Well, this weekend I am in Dorset being disinfected at every turn and rather liking it. I was meant to be fishing the Frome but the opening day has been postponed until further notice so I'm going to try and fish the Piddle ­ sorry I can't say that name without wanting to laugh ­ if there are any places left.

To say I am depressed is an understatement. The sun is nowhere to be seen, the countryside is dead, the only surface to be felt underfoot is tarmac (you can't go near the grassy bits) I feel like everything "country-ish" is changing. The one bit of good news to come out of all of this is that I spoke to Cath from the Fly-Fisher's Classic Library, based in Devon, and she said that the otters are going mad. "Maybe it's because no one is walking by the rivers, they are taking full advantage ­ I saw two swimming together just across the road in the Taw about two hours ago" and her neighbours hear them splashing about every night.

This alternative scene of the countryside and some good coming out of bad is heartening. Still, this quiet time when I would normally be out fishing all and every day (it's hard to believe but last year, by this time, I had fisherman's wrist already, so much had I been fishing) can be best used by getting drunk and making flies. Except I'm off alcohol at the moment ­ for some unknown and annoying reason I just can't tolerate it. So it is that I find myself knotting Daddy Long Legs' knees ­ in anticipation of summer ­ sober, which isn't quite the same.

Tying flies is like ­ for those that haven't done it ­ meditating except with something to concentrate on rather than trying to fill your head with pictures of clouds and sky, and your throat with rasping "Om" sounds. I'm spectacularly bad at tying flies. It's not that I'm not extremely nibbled fingered ­ I am, and it's not that I don't have the potential to be good ­ I do. But unless someone is coaching me I just cut corners, and throw away years of other people's knowledge thinking I know best, and start making flies that could never come from the natural world.

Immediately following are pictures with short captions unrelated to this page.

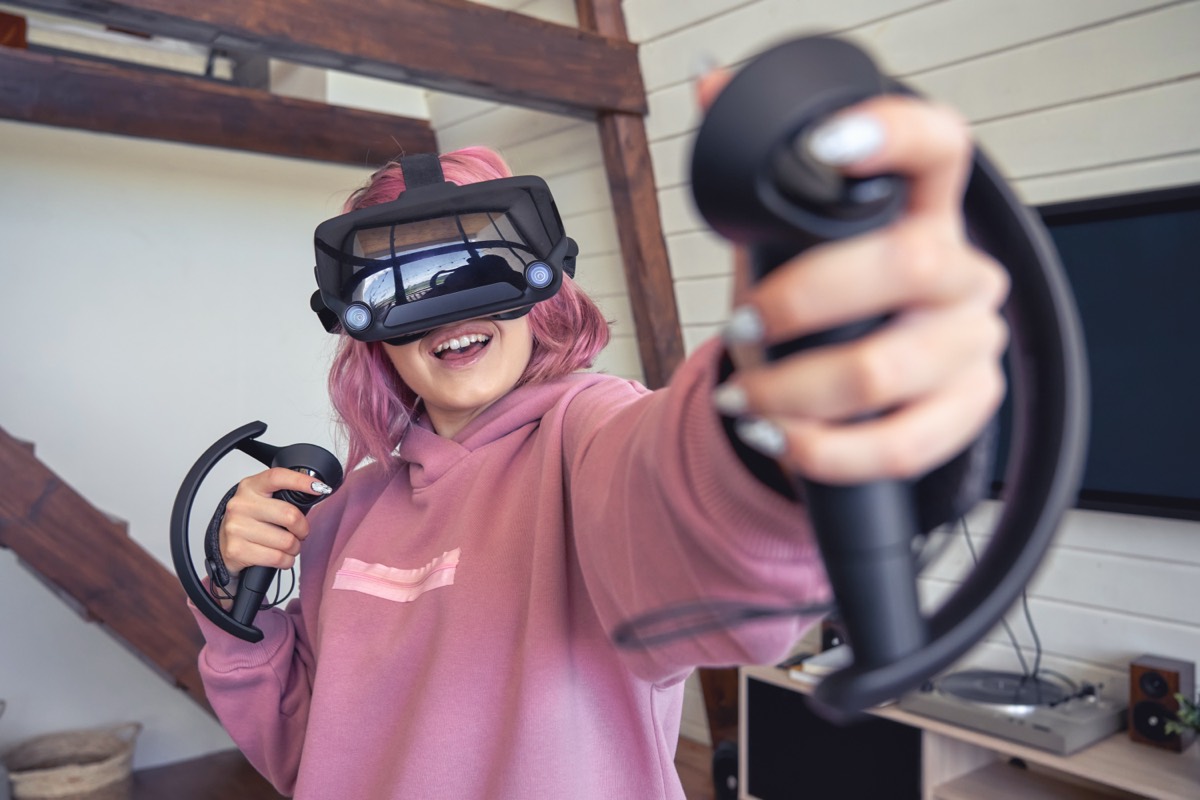A person gripping a vibrating video game controller during play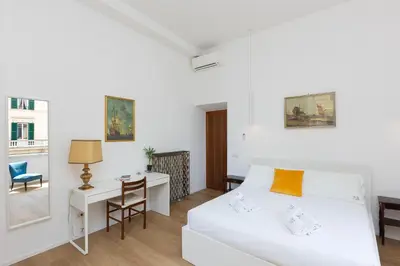 a bedroom with a white bed and a desk and a chair at Cola di Rienzo Apartment by Rental in Rome in Rome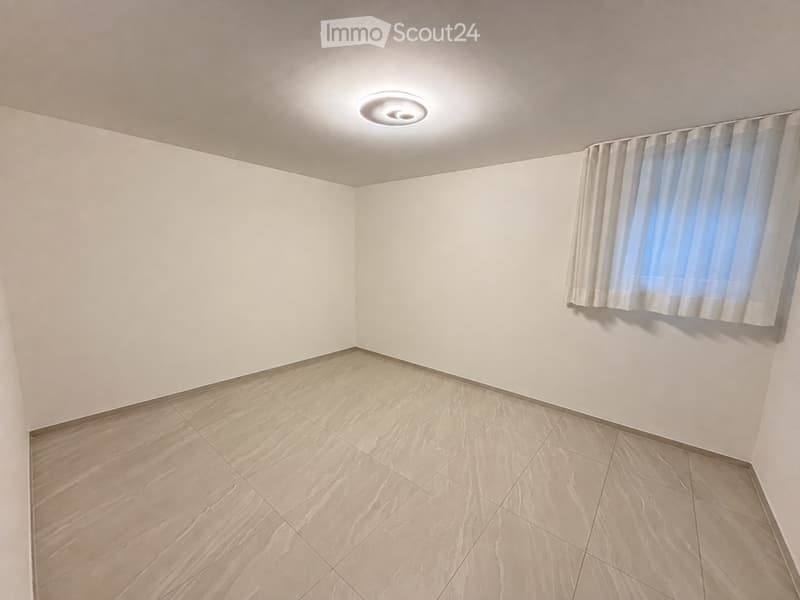 Spazioso 2,5 locali con 55 m² di giardino a Claro (5)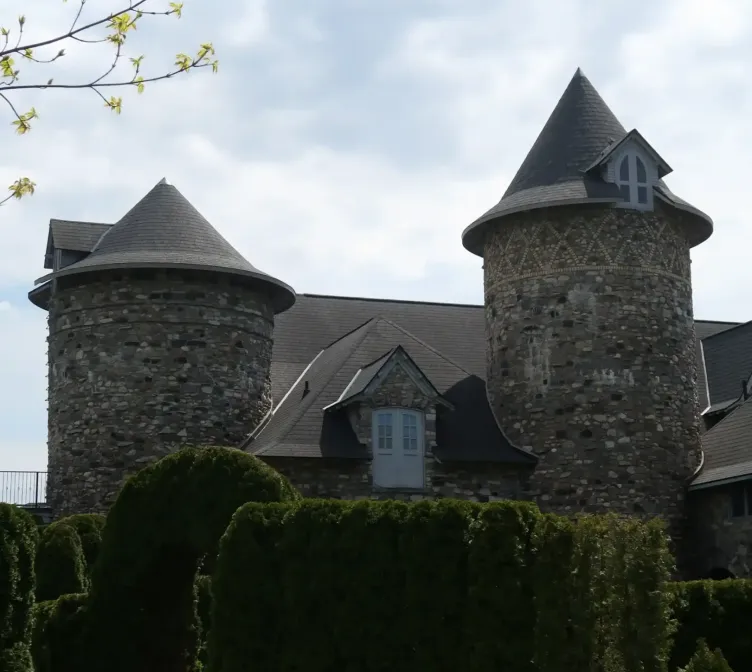 A castle behind hedges at Castle Farms.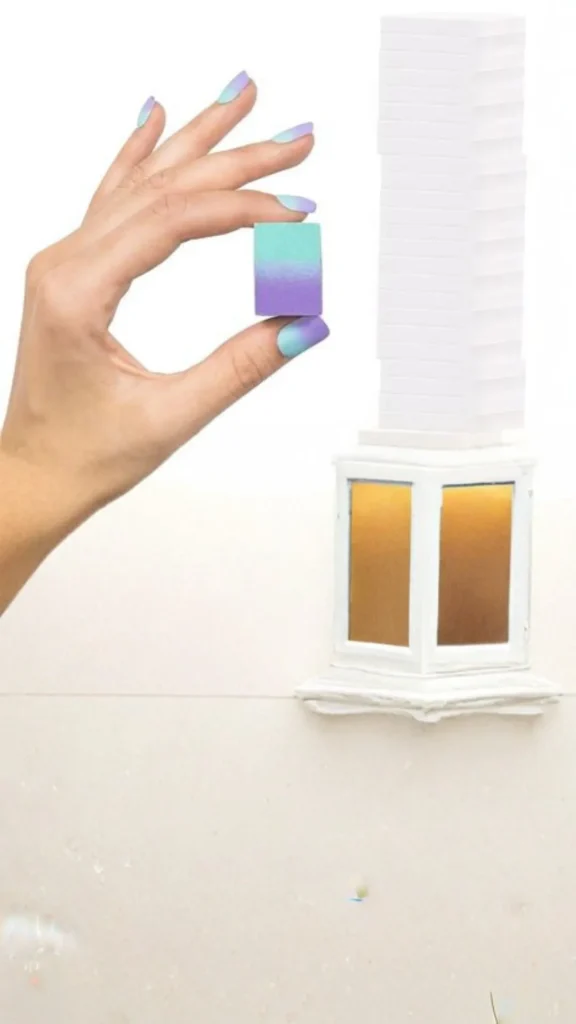 A person's hand with a matching teal and purple gradient manicure holds up a small rectangular makeup sponge painted with the same teal and purple ombré effect. In the background, a tall stack of clean, white makeup sponges sits next to a small white decorative structure.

This week I made, with varying degrees of success: Sparkle Blood Worms (made entirely out of holographic tinsel) which are finished with varnish, in this case Chanel's Magie Très Noir ­ no other shade will do. Because there should always be a bit of class in fishing. A couple of these I gave to a fishing friend of mine who went fishing last weekend and he caught one fish on them!

Then I made some Competition Buzzers, using dubbed bodies made of SLF (Synthetic Living Fibre which is actually very dead because it was never actually living) with little sparkle flash tails. These are meant to imitate hatching buzzers but, because the imitation has tiny orange cheeks, if you get fed up stationary buzzer fishing you can give them a jerk and they become a tiny lure. Which of course isn't strictly speaking fly fishing but then when it's cold and you can't be bothered to change flies because your fingers are frozen, believe me you don't care.

This took me several hours while I spread all the bits of my fly-tying kit across the entire house. I dropped at least five hooks, which will be rediscovered at a later date by hippy friends of mine who insist on walking round barefoot. But then I discovered something in the depths of my box that made me scream and sweat in the way only a big spider can normally make me scream and sweat. Somehow, maybe within a multi pack of fly tying things, I had acquired a rabbit's face, flattened, with the eyes and nose and teeth bits missing but very much a rabbit's face-mask with the ears all perky. The sort a bad rabbit might wear to hold up a bank. I realise I am a complete hypocrite ­ I eat rabbit ­ but I cannot pluck a hare's (for it was a hare actually) furry little cheeks for fibre to make Gold Ribbed Hare's Ear. I leave that to other people.

Now then, a reminder. All rod licences run out today. To renew yours you need to either go to your local post office (the best method really, especially if your local post office is a lovely sub post office in a village, remember they need your support). Or ring 0870 1662 662 for full and junior licences ­ I've tried this method for two years running and never had a problem but I know some people who've never received their licence despite repeatedly ringing.

Or go to the Environment Agency's webpage: www.environment-agency.co.uk, click on "Fishe" and then you'll see what to do. A full season non-migratory trout/coarse fish licence costs £20 (surcharge of 25 pence for internet transactions), £9.50 for juniors. A year's salmon and sea trout one will cost £59/£29.50.